Short descriptive text snippets
=== Section Start ===

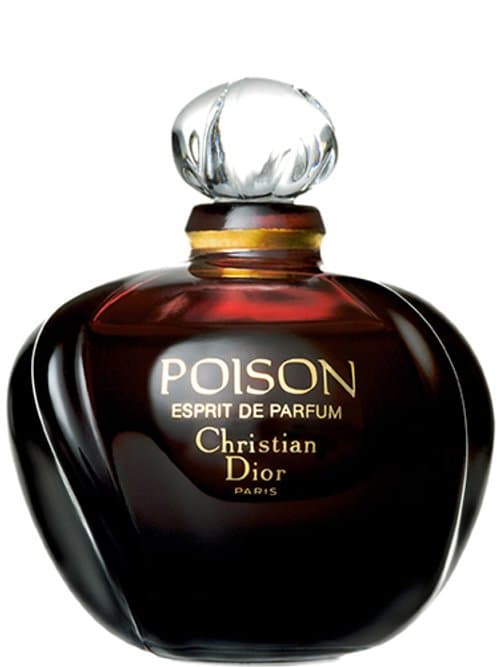 Poison Esprit De Parfum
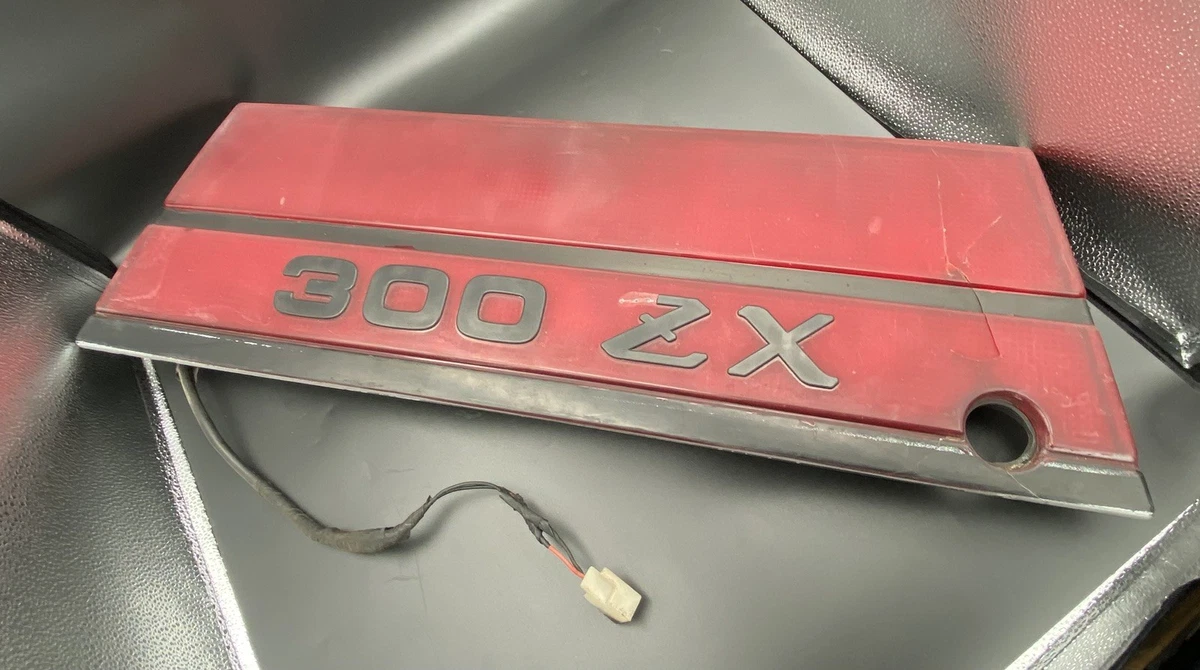 Genuine OEM Tail Lights for Nissan 300ZX for sale | eBay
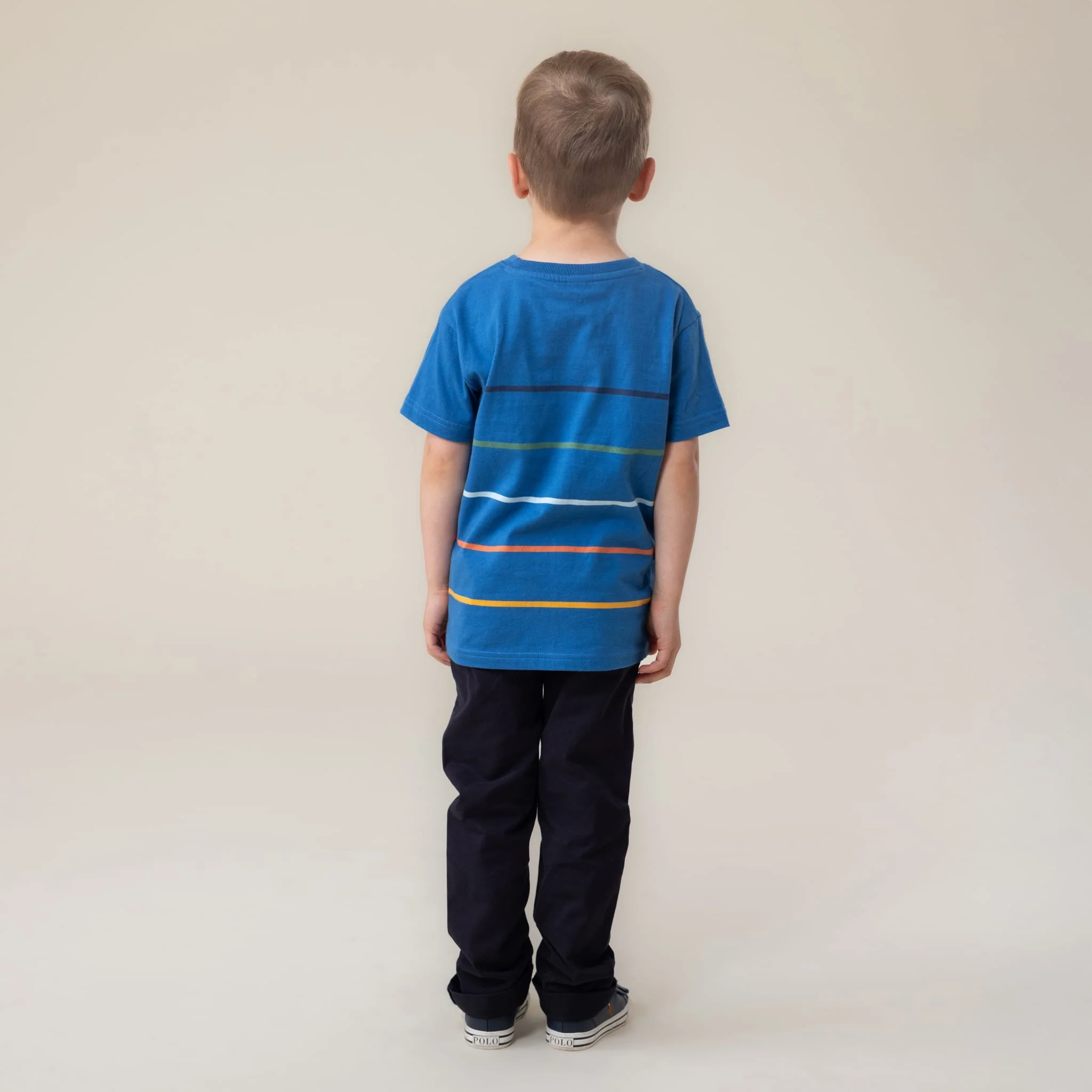 T-shirt Tout Terrain 2-12ans - Image 5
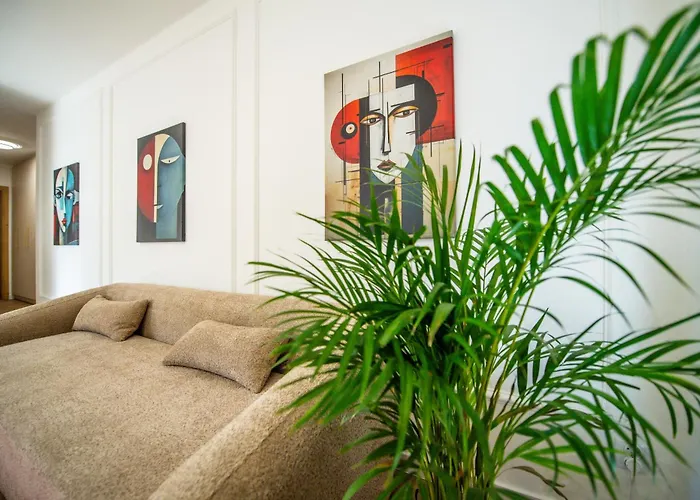 Mikolowska Z Balkonem * Gliwice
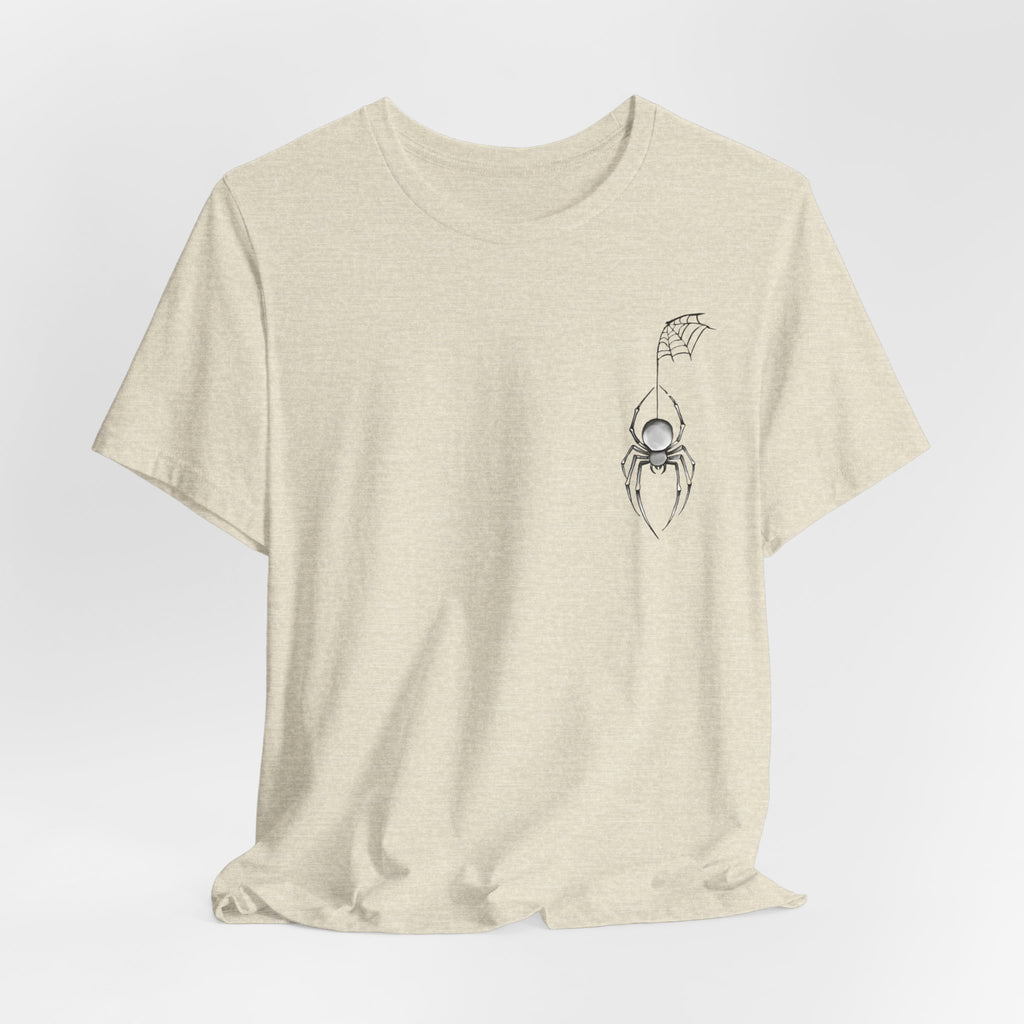 Tatty Issues Short Sleeve Tee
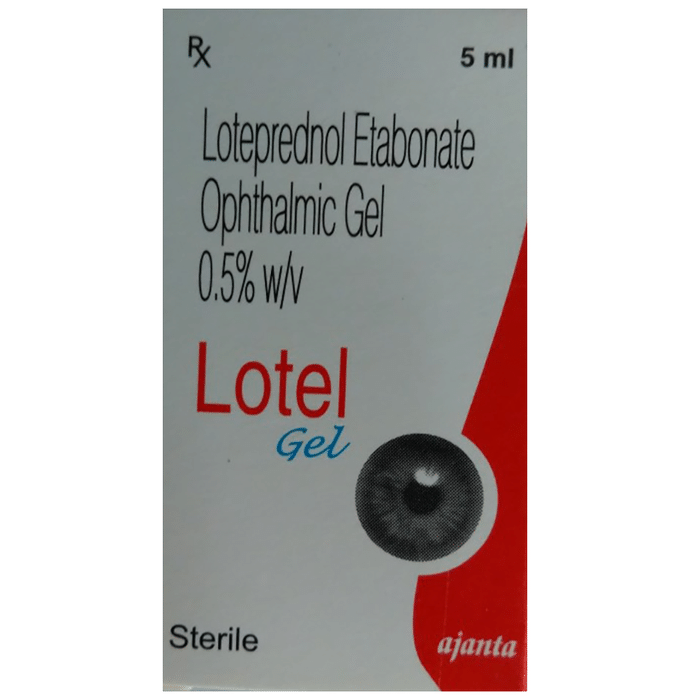Lotel Gel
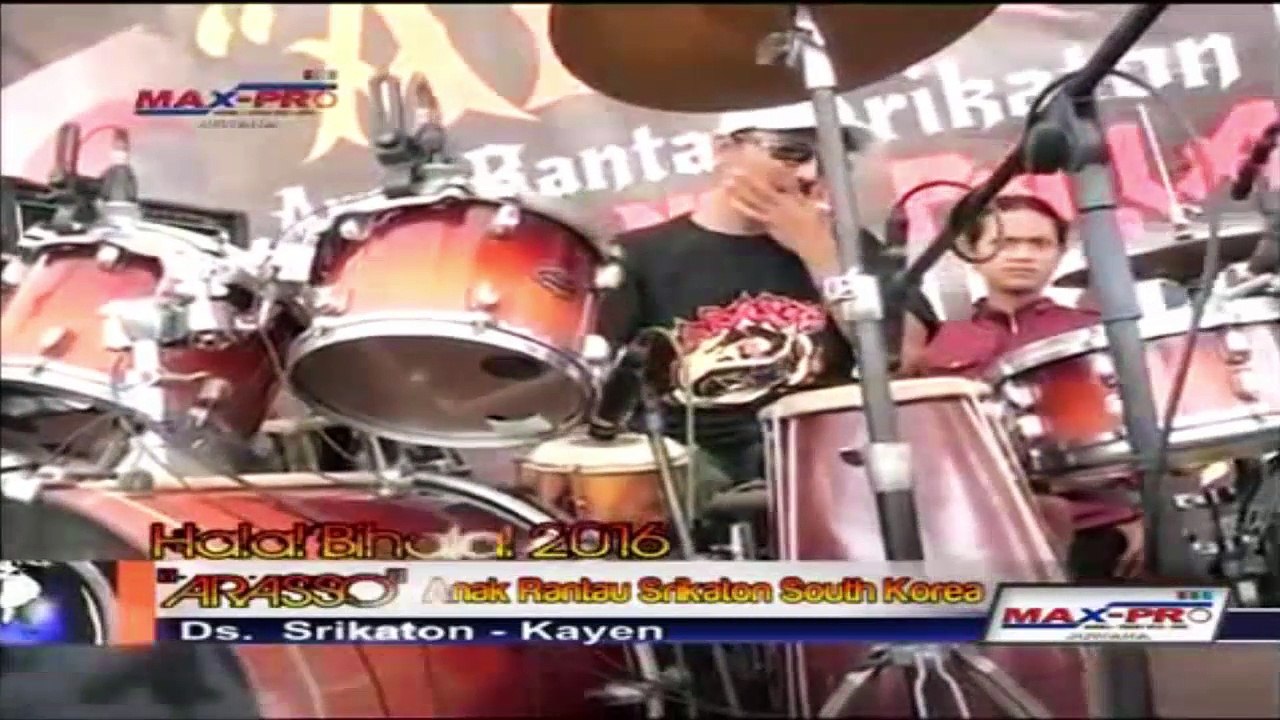 Nyanyai Rindu  Elis Santika Dangdut Koplo Pokok  E Joget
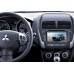 Mitsubishi ASX 2010 - DVM-1420G HDi, код: 1123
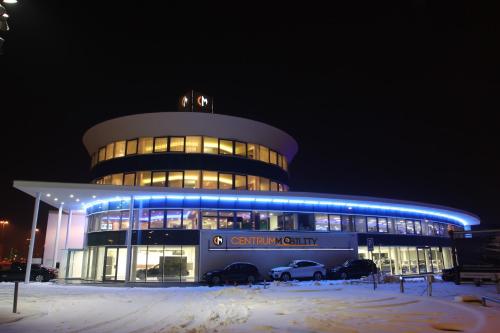 . Tempus Club Garni Hotel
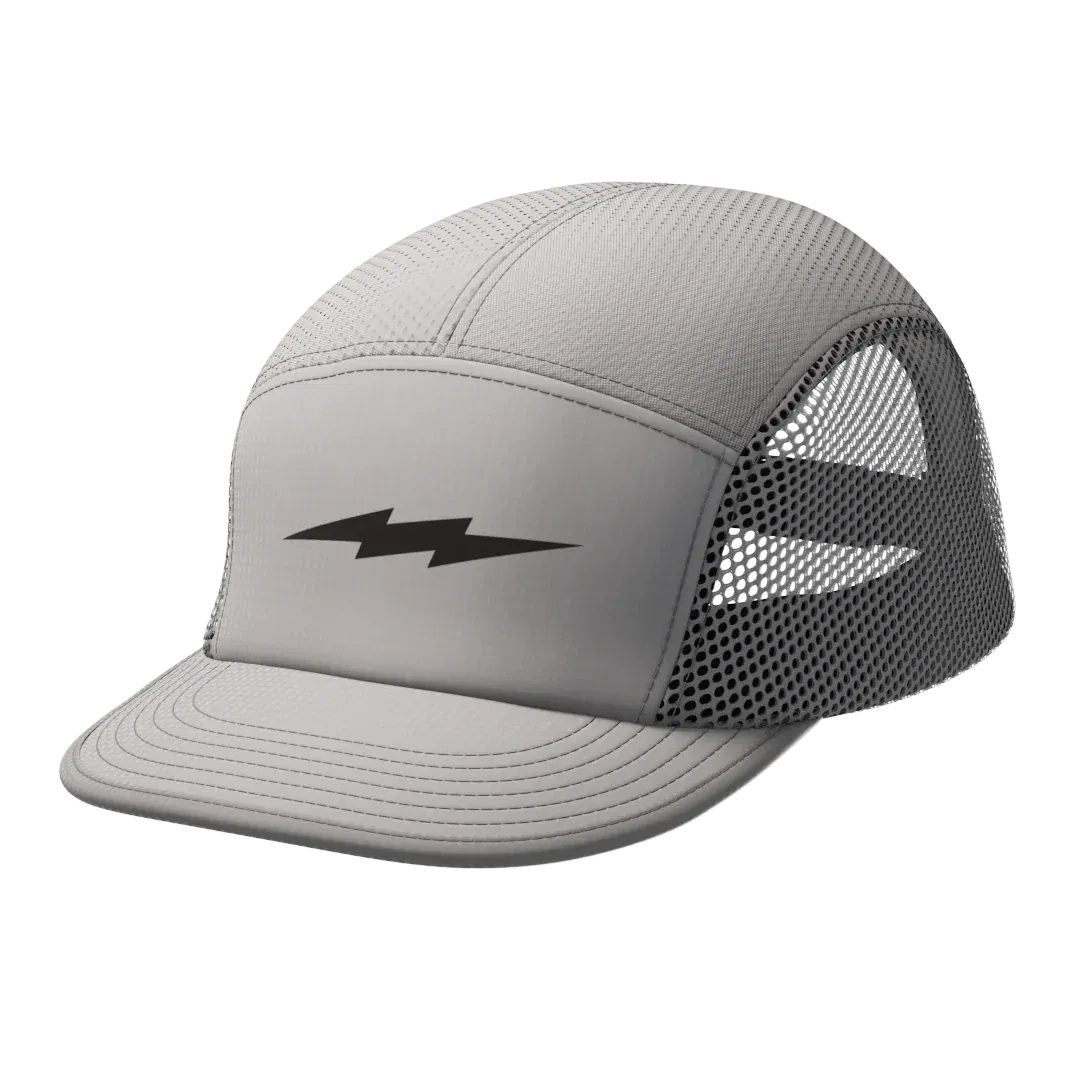 Rnnr Distance Hat - Bolt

=== Section End ===

YOUR ASSIGNMENT: Could the entries above be written out word for word, pictures excluded?

THE COMPLETED TASK:
 Poison Esprit De Parfum
 Genuine OEM Tail Lights for Nissan 300ZX for sale | eBay
 T-shirt Tout Terrain 2-12ans - Image 5
 Mikolowska Z Balkonem * Gliwice
 Tatty Issues Short Sleeve Tee
Lotel Gel
 Nyanyai Rindu  Elis Santika Dangdut Koplo Pokok  E Joget
 Mitsubishi ASX 2010 - DVM-1420G HDi, код: 1123
 . Tempus Club Garni Hotel
 Rnnr Distance Hat - Bolt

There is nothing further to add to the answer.